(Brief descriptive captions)
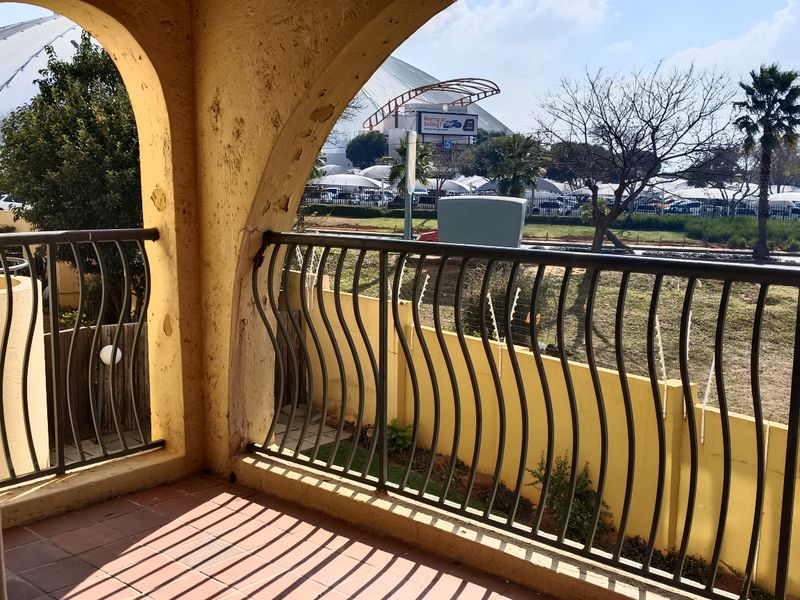 NORTHGATE -Studio apartment avail Immed or  1 July - R5000 - Photo 8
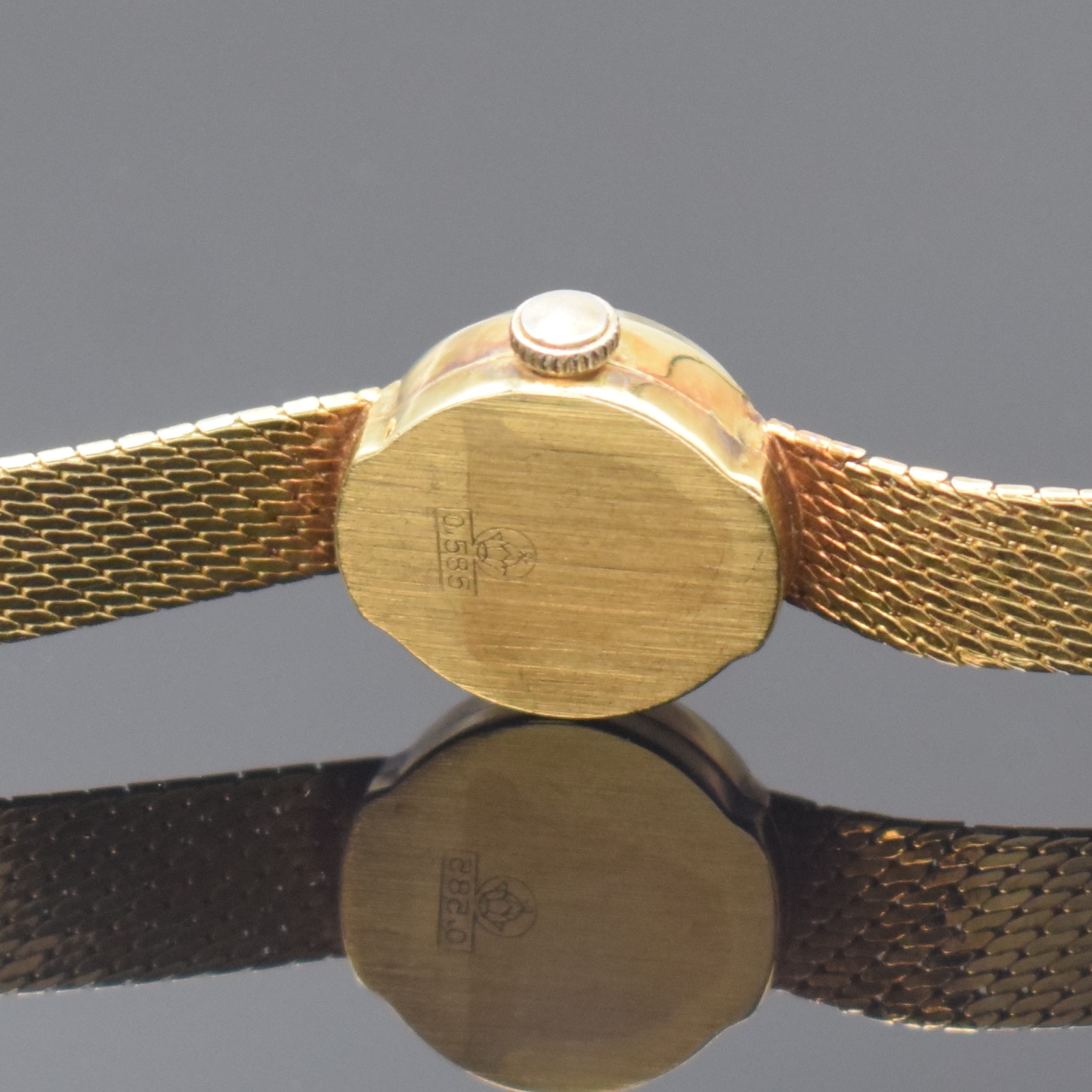 Detail d: NORVINA Damenarmbanduhr in GG 585/000, Schweiz um 1965, Handaufzug, Goldband, Boden aufgedr., silb. Zifferbl. m. aufges. Std.- Ind., gold. Zeiger, ...
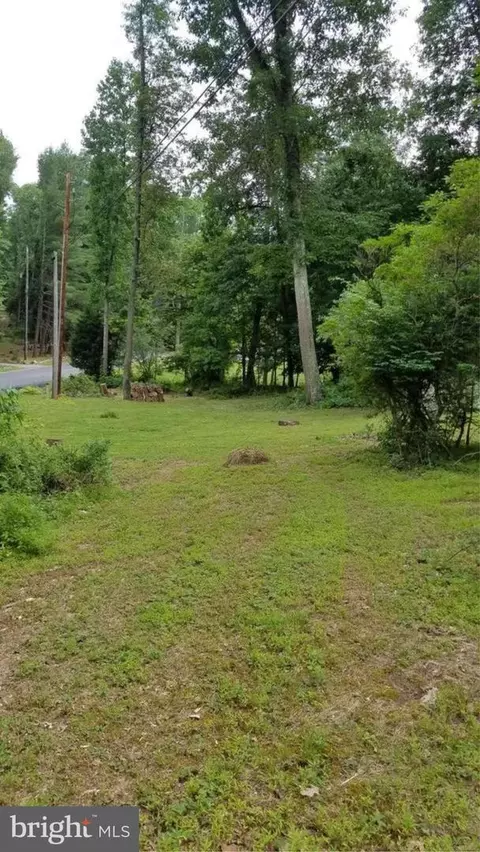 0 Woodland Dr, Hanover, PA 17331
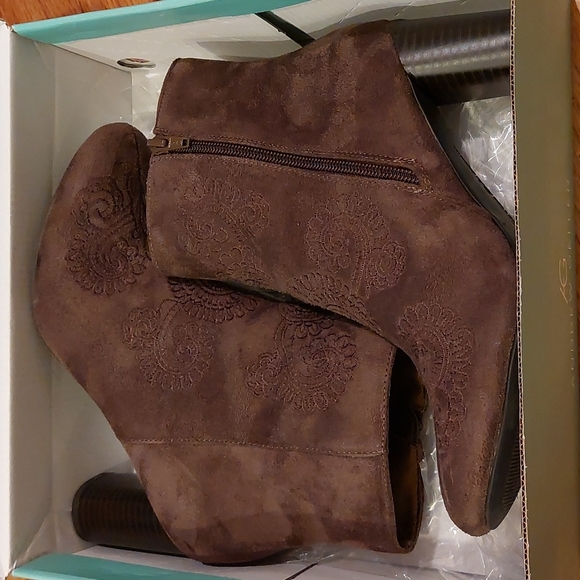 Andrew Geller dark mushroom ankle boots - Picture 9 of 9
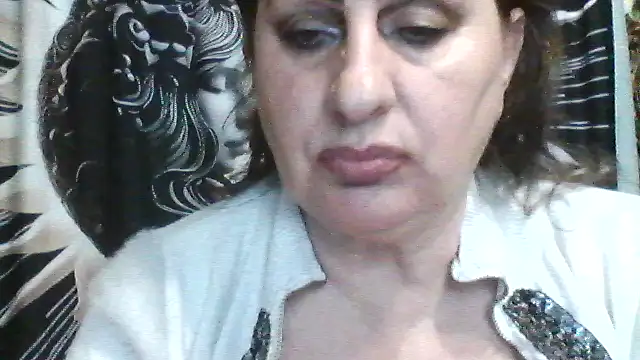 LoaqLovew online show from April 30, 1:50 pm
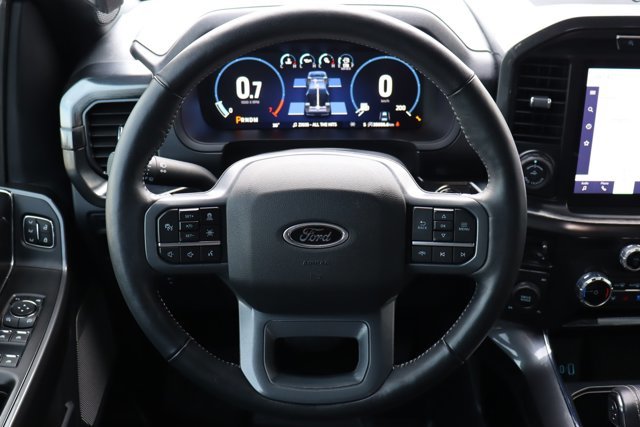 2023 Ford F-150 LARIAT 4x4 Crewmax, Low KM!! Clean Carfax, Leather Heated / Ventilated Seats, Panoramic Sunroof, Nav-9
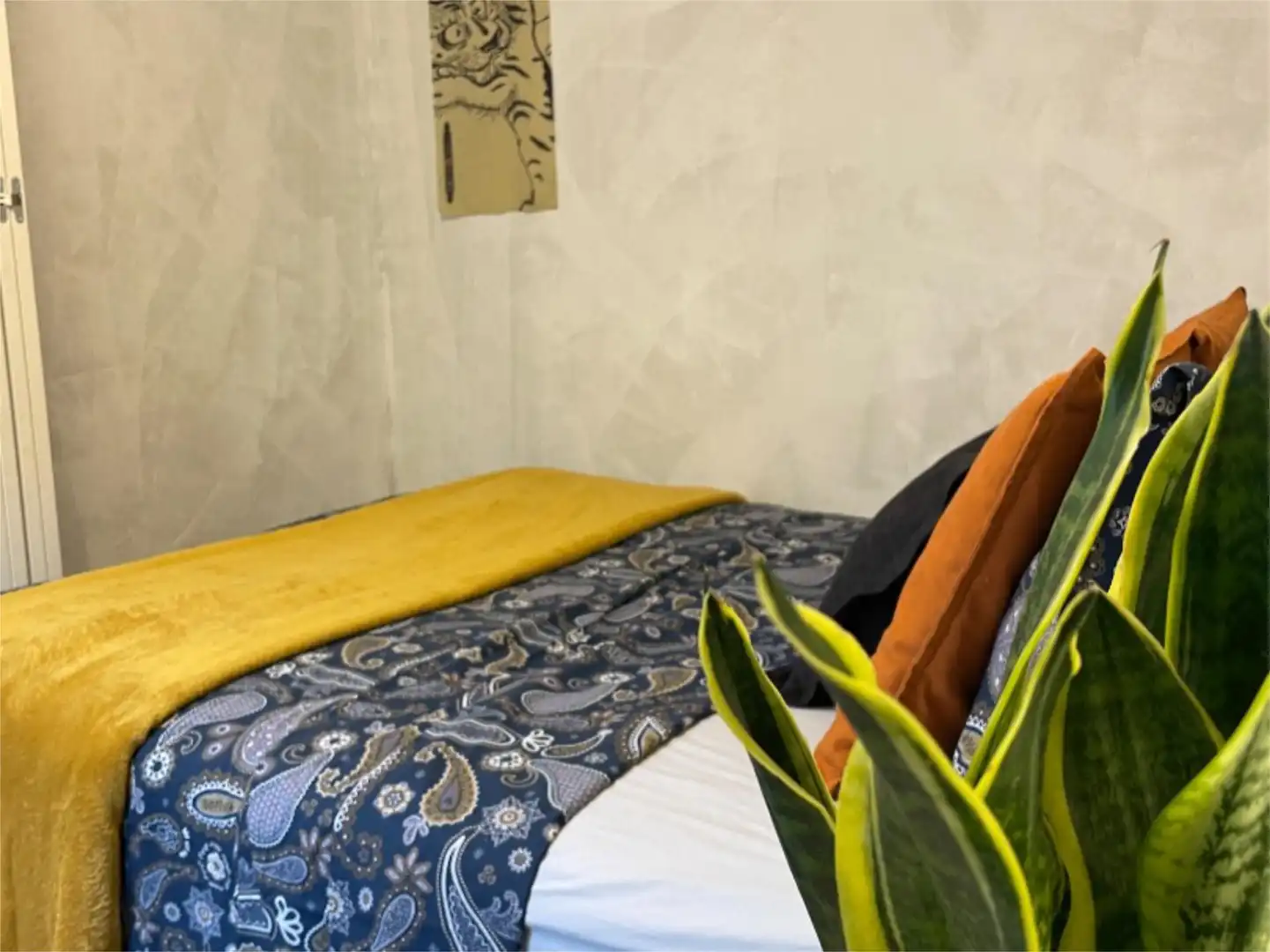 Bedroom of Flat for share in Madrid  with Air Conditioner, Heating and Terrace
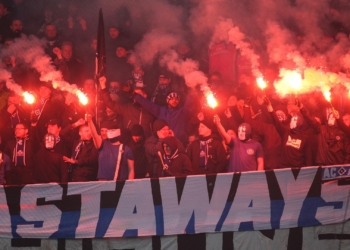 HSV-Fans mit Pyrotechnik (Archiv)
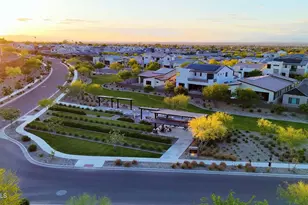 9734 S 11th Pl S, Phoenix, AZ 85042 - Photo 58
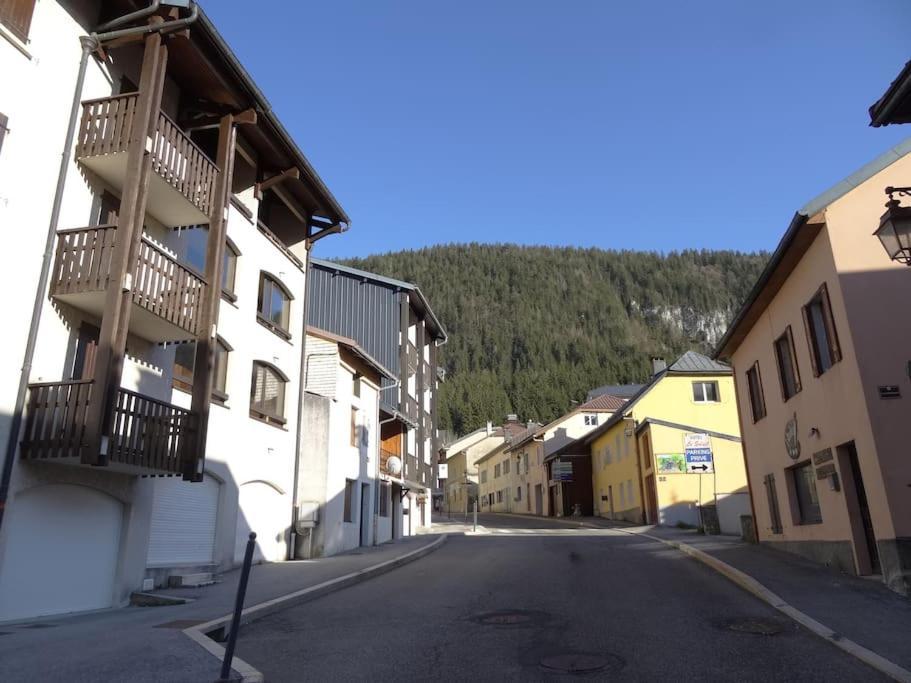 Appartement Au Coeur Du Village Avec Parking Prive Mijoux Kültér fotó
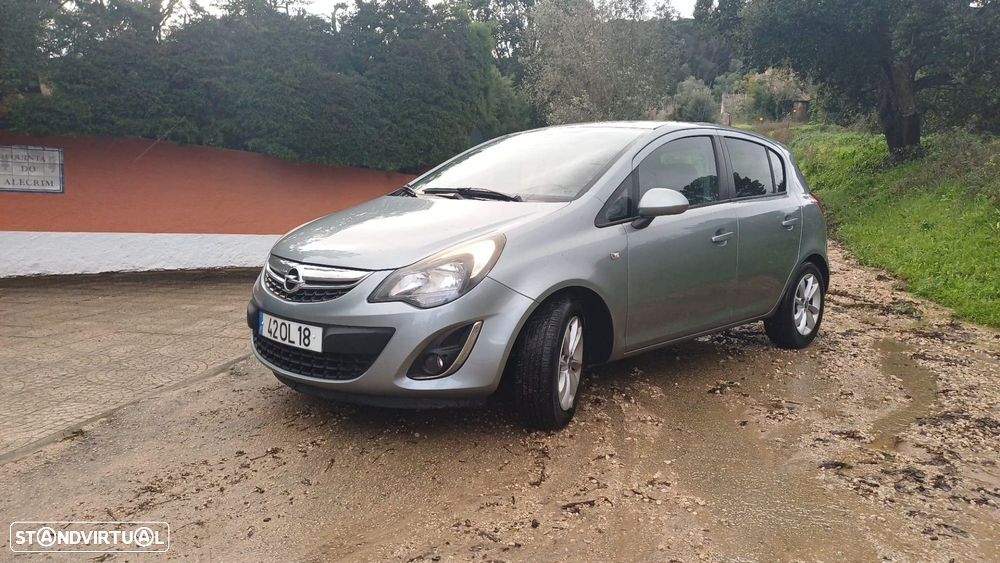 Opel Corsa 1.2 Enjoy FlexFuel - 2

§ **THE TASK**
In the answer, include exactly the lines from the top of the entries through the line containing "Andrew Geller dark", and nothing else, not even the pictures.

§ **OUTPUT FOR THIS EXERCISE**
 NORTHGATE -Studio apartment avail Immed or  1 July - R5000 - Photo 8
 Detail d: NORVINA Damenarmbanduhr in GG 585/000, Schweiz um 1965, Handaufzug, Goldband, Boden aufgedr., silb. Zifferbl. m. aufges. Std.- Ind., gold. Zeiger, ...
 0 Woodland Dr, Hanover, PA 17331
 Andrew Geller dark mushroom ankle boots - Picture 9 of 9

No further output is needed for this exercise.